### Task to complete
Everything from the line that contains "oulfis/oldest-email's progress graph" to the final line of the data, both ends included, must be set down exactly, apart from the pictures.

§ §

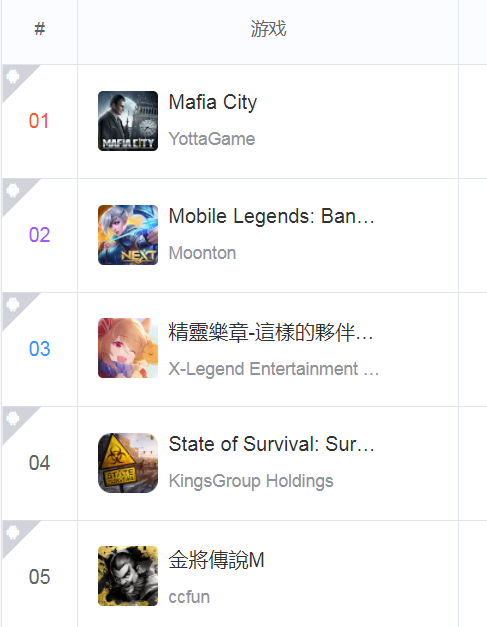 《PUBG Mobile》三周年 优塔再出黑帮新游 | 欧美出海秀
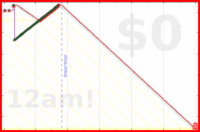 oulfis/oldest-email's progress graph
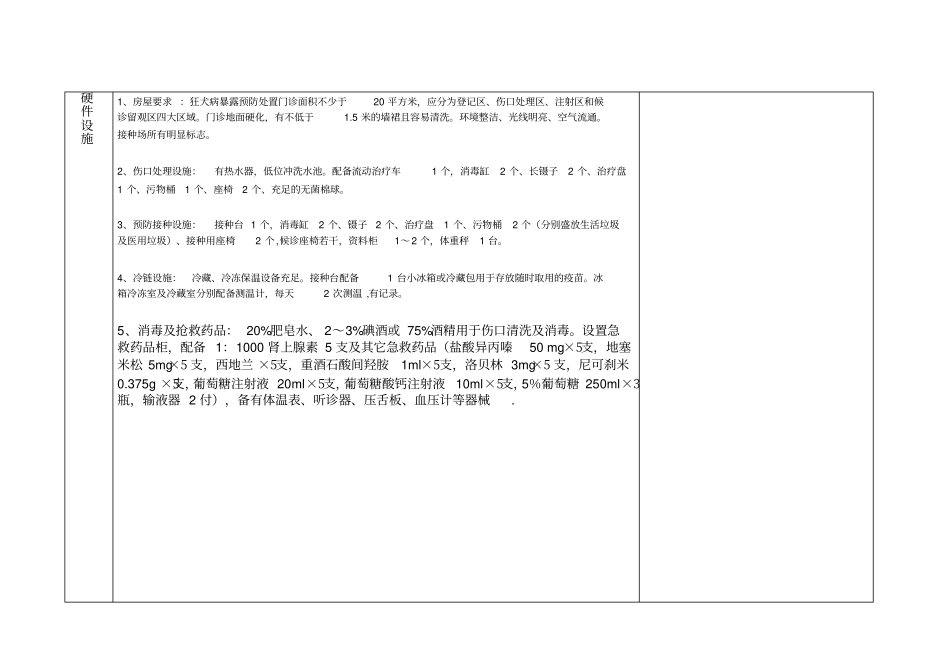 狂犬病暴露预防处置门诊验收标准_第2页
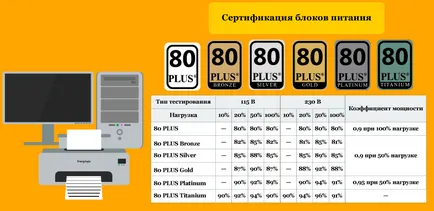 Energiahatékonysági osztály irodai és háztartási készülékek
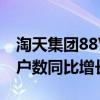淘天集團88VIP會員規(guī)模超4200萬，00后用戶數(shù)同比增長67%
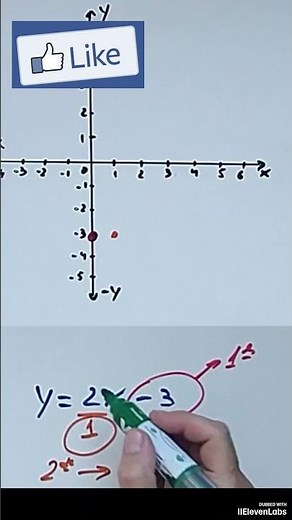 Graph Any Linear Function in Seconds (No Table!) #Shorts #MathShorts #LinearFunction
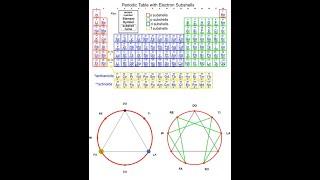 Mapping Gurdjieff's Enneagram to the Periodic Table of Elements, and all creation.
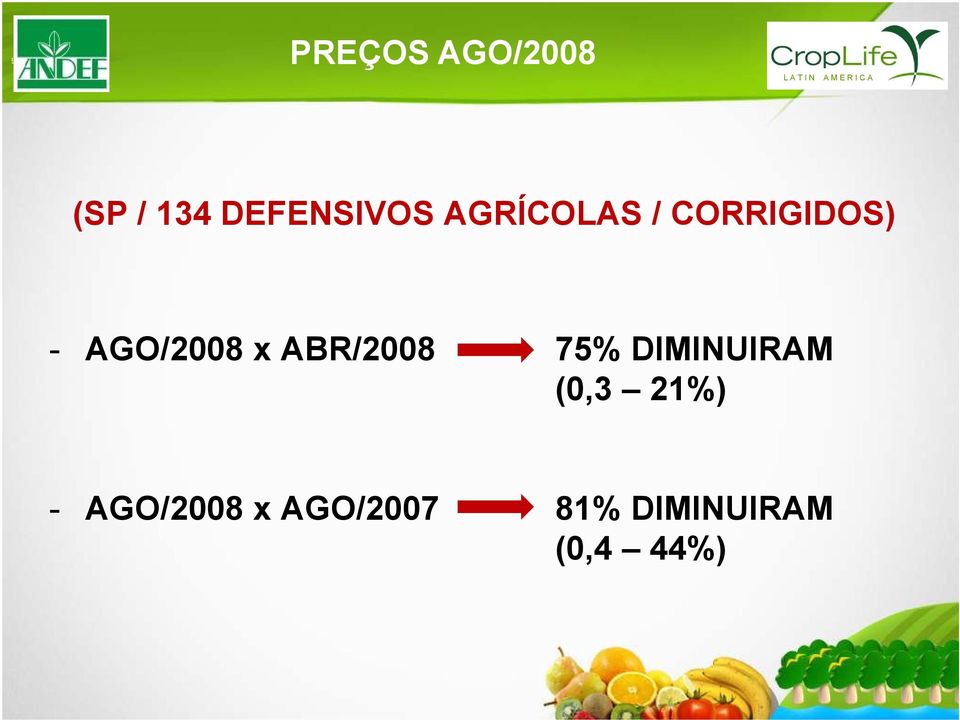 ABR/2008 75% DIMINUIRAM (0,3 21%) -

§ §

### Output of the task
 oulfis/oldest-email's progress graph
 狂犬病暴露预防处置门诊验收标准_第2页
 Energiahatékonysági osztály irodai és háztartási készülékek
淘天集團88VIP會員規(guī)模超4200萬，00后用戶數(shù)同比增長67%
 Graph Any Linear Function in Seconds (No Table!) #Shorts #MathShorts #LinearFunction
 Mapping Gurdjieff's Enneagram to the Periodic Table of Elements, and all creation.
 ABR/2008 75% DIMINUIRAM (0,3 21%) -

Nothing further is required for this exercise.